**Source data**:
──────

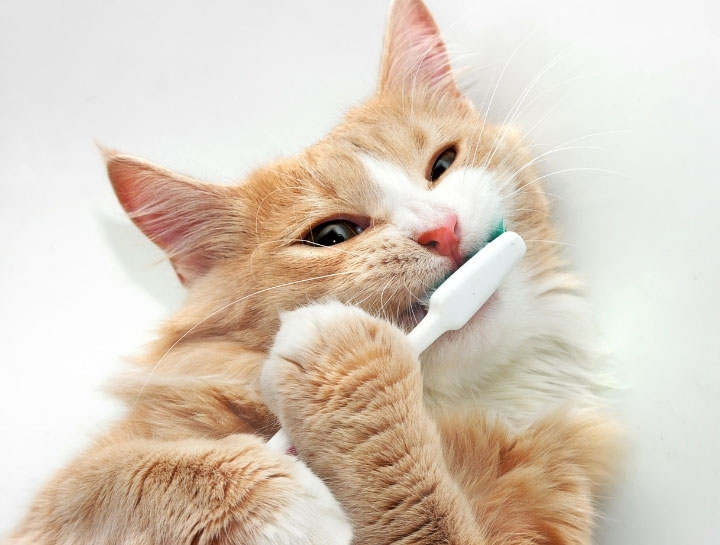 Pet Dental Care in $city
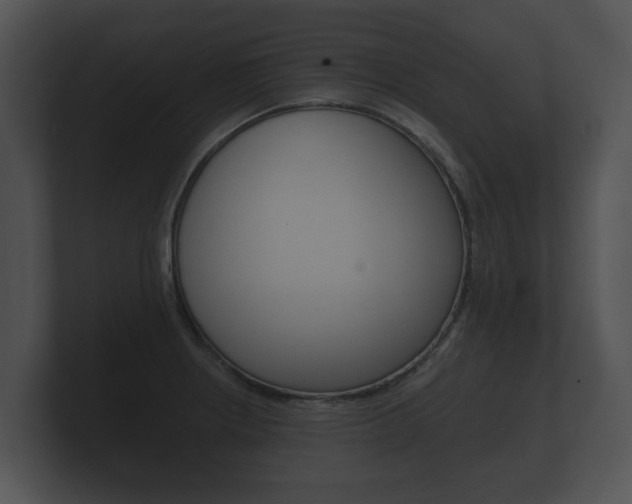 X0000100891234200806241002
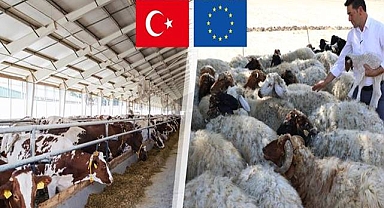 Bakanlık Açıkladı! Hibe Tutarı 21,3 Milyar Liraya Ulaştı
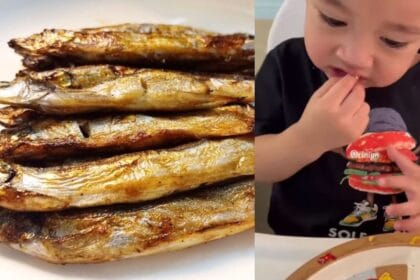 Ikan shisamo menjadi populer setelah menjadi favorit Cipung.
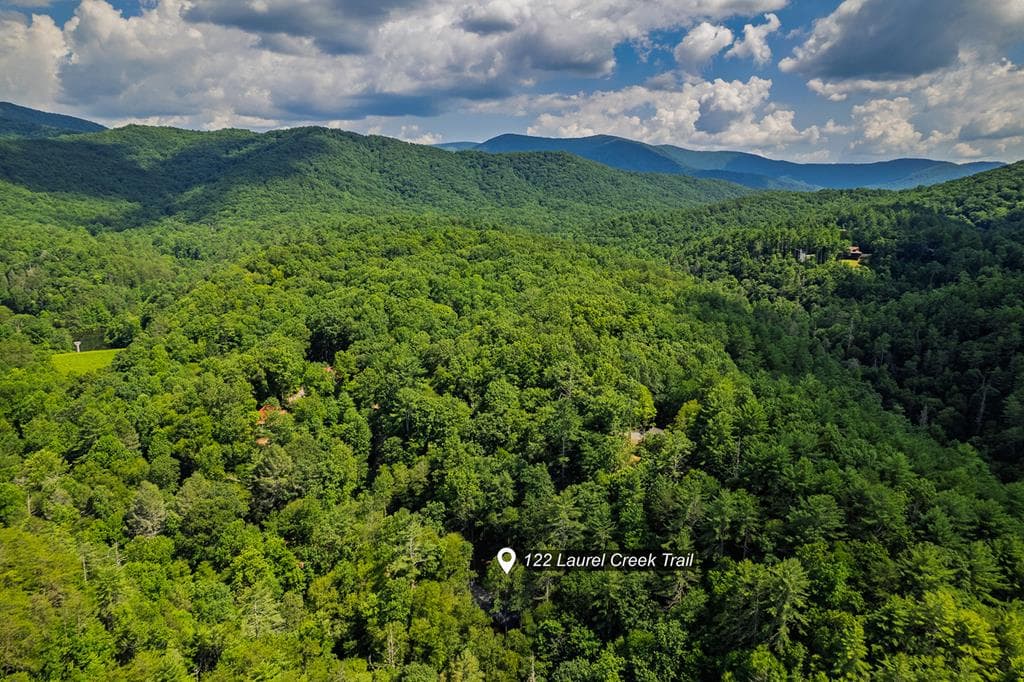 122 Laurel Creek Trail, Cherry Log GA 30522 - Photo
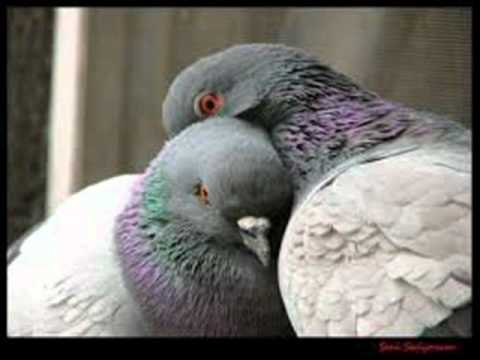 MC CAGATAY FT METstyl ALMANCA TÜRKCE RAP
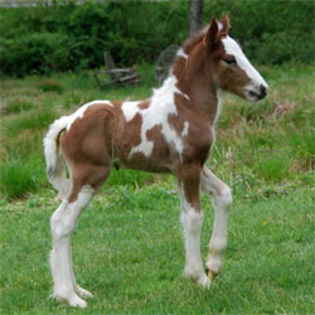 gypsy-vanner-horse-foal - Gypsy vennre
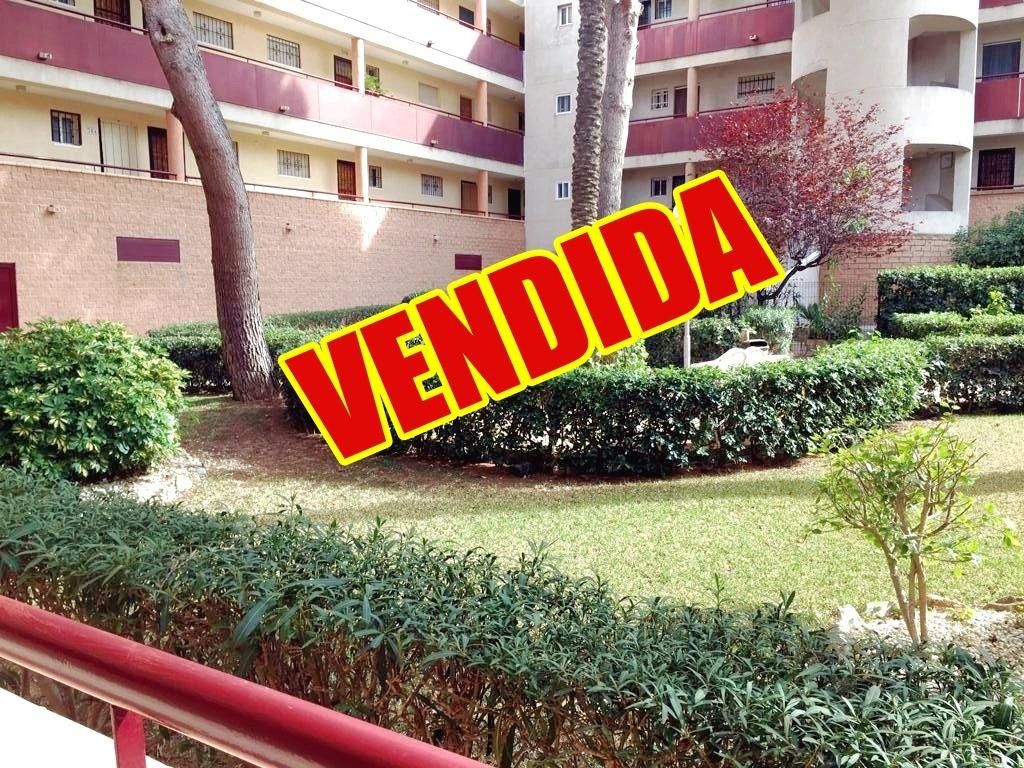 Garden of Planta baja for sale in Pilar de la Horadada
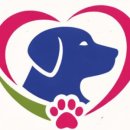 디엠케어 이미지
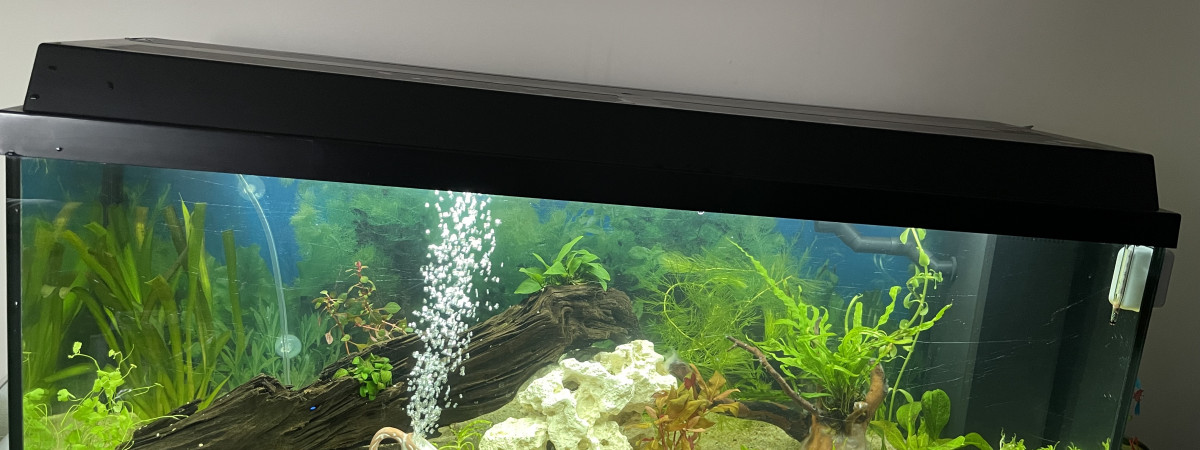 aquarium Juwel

──────

**Task goal**: Please output the material as written, apart from the images.

**Answer**:
 Pet Dental Care in $city
 X0000100891234200806241002
 Bakanlık Açıkladı! Hibe Tutarı 21,3 Milyar Liraya Ulaştı
 Ikan shisamo menjadi populer setelah menjadi favorit Cipung.
 122 Laurel Creek Trail, Cherry Log GA 30522 - Photo
 MC CAGATAY FT METstyl ALMANCA TÜRKCE RAP
 gypsy-vanner-horse-foal - Gypsy vennre
 Garden of Planta baja for sale in Pilar de la Horadada
 디엠케어 이미지
 aquarium Juwel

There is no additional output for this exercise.